Love, Chosen: What The Queer Community Knows That the World’s Still Learning

· By Team PLEASE

What If Everything You’ve Been Taught About Love Is Too Small?

We’re taught to measure love in milestones: first kisses, anniversaries, and wedding bands. Love, we’re told, is linear. Two people (preferably one man, one woman), for as long as forever will allow. Everything else, friendships, casual flings, group chats, post-coital cuddles with people we’re not dating, is just noise. Background. Side characters in the main story.

But if you’ve spent time in queer community, the real, messy, beautiful queer community, you start to see how incomplete that story is.

Queer love explodes the idea that love has to look a certain way. Queer love, by necessity, by rebellion, by sheer creative force, makes space for connection that doesn’t fit into the neat boxes.
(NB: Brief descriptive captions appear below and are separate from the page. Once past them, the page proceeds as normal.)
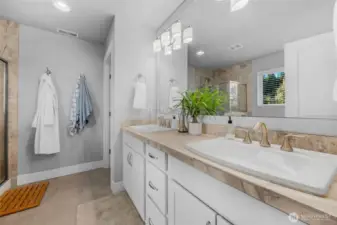 Gorgeous primary bathroom with double sink vanity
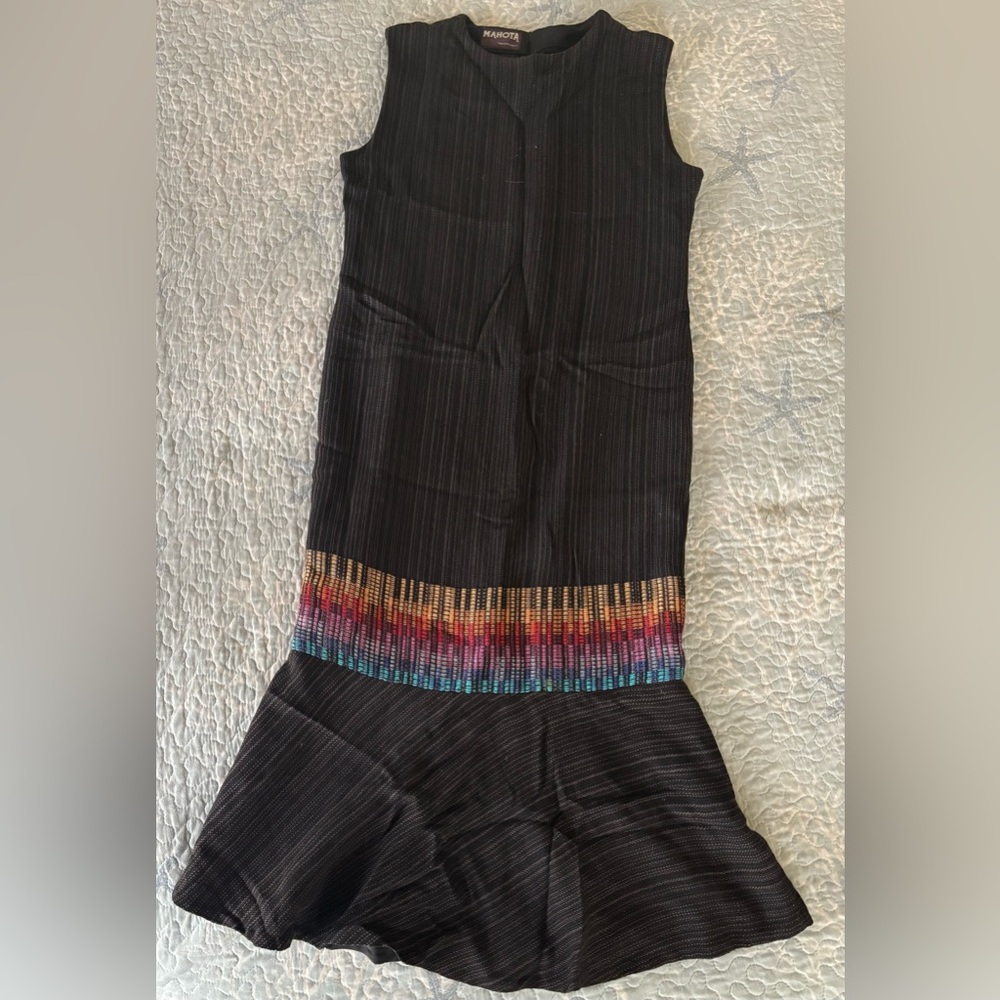 Handwoven Mahota Sleeveless Sheath with Colorful blocking and ruffled hem.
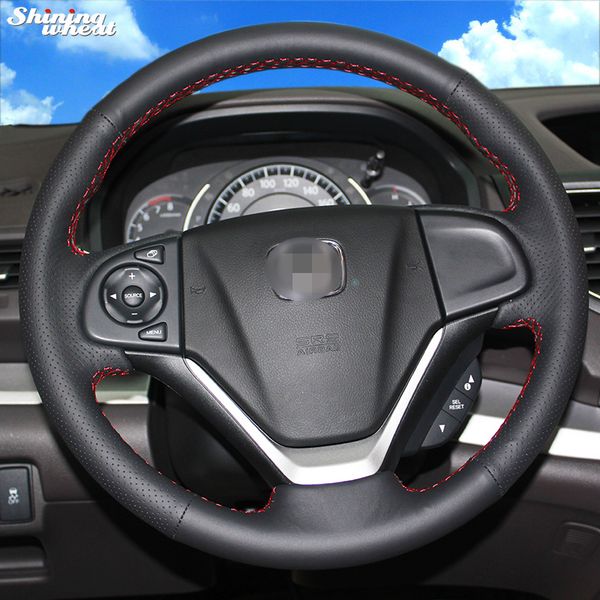 

diy hand-stitched black leather steering wheel cover for honda crv 2012 -2014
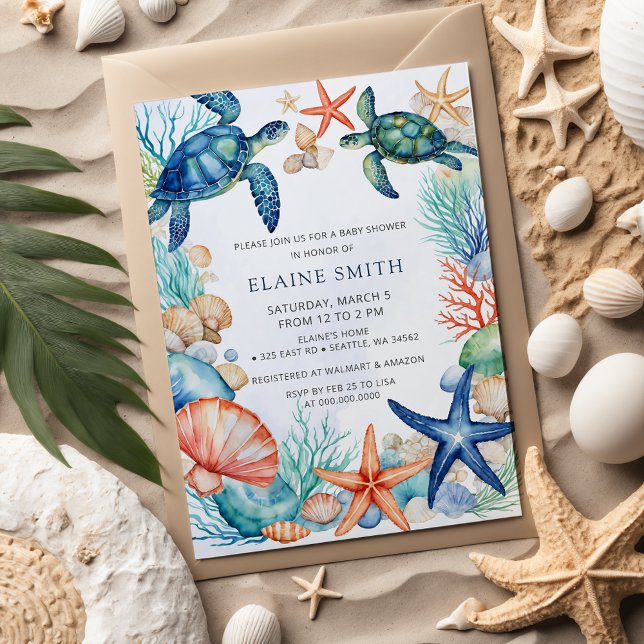 Invitation Blue Marine Seashells Ocean Sea Beach Baby shower (Blue Marine Seashells Ocean Sea Beach Baby Shower Invitation)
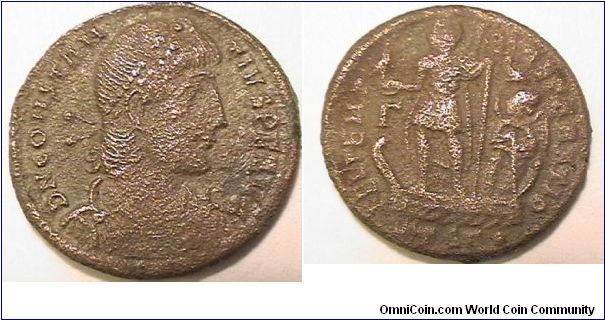 Emperor Constantius II 337-361 AD, DN CONSTANTIVS PF AVG, FEL TEMP REPATIO, AE3, TS(Thessalonica mint) overcleaned.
And perhaps its most radical offering is the idea that intimacy doesn’t need to be sexual or romantic to be real, deep, or life-changing.

Why Queer People Had to Reimagine Family

For many queer people, family has never been a given. When your identity is questioned, erased, or rejected by your family of origin, you learn to build elsewhere. Not out of convenience, but survival. It’s not just a metaphor. People are kicked out, disowned, or silenced every day for loving the “wrong” person, having the “wrong” gender, or simply being too much for a world that sadly prefers its people quiet, straight, and simple.

In that space of abandonment, queer people created something powerful: chosen family.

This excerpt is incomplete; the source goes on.